The completion of the Private Placement is subject to customary conditions,
including the issuance of the Private Placement Shares, and the due
registration of the Private Placement Shares in Euronext VPS as NDRs.

The NDRs issued for the Private Placement Shares are not tradeable on Euronext
Growth Oslo before the share capital increase pertaining to the Private
Placement Shares has been completed and the NDRs have been registered in the
Norwegian Central Securities Depository (Euronext Securities Oslo or the
"VPS"). The Company will announce when such registration has taken place.

The Board has carefully considered the structure of the equity raise in light
of the applicable rules and regulations concerning equal treatment. The Board
is of the view that it will be in the common interest of the Company and its
shareholders to raise equity through a private placement, in particular
because the Private Placement enables the Company to secure equity financing
to accommodate the Company's funding requirements. Further, a private
placement will reduce execution and completion risk, as it enables the Company
to raise equity efficiently and in a timely manner, with a lower discount to
the current trading price, at a lower cost and with a significantly reduced
completion risk compared to a rights issue. It has also been taken into
consideration that the Private Placement is based on a publicly announced
accelerated bookbuilding process.

Advisors
Clarksons Securities AS is acting as Global Coordinator and Joint Bookrunner
and ABG Sundal Collier ASA, Arctic Securities AS, DNB Carnegie, a part of DNB
Bank ASA, and Fearnley Securities AS are acting as Joint Bookrunners (together
the "Managers"). Ro Sommernes advokatfirma DA is acting as legal advisor to
the Company in connection with the Private Placement.

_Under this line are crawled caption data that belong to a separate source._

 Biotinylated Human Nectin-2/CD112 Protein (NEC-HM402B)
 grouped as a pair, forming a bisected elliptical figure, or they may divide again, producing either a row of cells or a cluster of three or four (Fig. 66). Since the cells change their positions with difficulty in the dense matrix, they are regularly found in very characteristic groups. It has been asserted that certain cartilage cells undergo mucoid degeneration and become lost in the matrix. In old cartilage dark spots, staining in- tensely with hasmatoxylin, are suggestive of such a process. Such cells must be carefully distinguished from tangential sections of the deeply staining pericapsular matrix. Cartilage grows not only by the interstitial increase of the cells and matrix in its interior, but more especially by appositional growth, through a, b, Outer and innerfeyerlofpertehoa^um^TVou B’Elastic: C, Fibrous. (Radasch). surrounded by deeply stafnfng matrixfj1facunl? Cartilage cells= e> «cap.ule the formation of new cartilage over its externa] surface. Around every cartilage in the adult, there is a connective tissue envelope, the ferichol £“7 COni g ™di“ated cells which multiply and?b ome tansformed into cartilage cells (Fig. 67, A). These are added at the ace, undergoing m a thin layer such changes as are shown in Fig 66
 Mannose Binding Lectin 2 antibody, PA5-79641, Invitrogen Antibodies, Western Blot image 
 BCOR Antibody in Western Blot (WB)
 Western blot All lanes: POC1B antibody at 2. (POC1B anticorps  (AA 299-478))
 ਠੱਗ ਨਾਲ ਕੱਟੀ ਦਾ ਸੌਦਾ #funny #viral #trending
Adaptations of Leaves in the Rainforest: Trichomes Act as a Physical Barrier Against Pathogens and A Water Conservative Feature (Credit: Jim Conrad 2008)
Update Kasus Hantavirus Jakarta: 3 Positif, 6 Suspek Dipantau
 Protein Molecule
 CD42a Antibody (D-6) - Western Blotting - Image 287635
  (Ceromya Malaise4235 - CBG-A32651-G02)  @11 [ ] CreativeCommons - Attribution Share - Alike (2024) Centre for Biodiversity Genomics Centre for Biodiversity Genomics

This information is considered to be inside information pursuant to the EU
Market Abuse Regulation and subject to the disclosure requirements pursuant to
section 5-12 of the Norwegian Securities Trading Act. This stock exchange
notice was published by Vidar Hasund, Contracted Chief Financial Officer, on
the date and time as set out in the release.

About Bruton Limited:
Bruton Limited is an industrial player incorporated in Bermuda and seeking to
make strategic investments in the shipping, offshore and energy sectors,
currently focusing on its VLCC newbuilding program.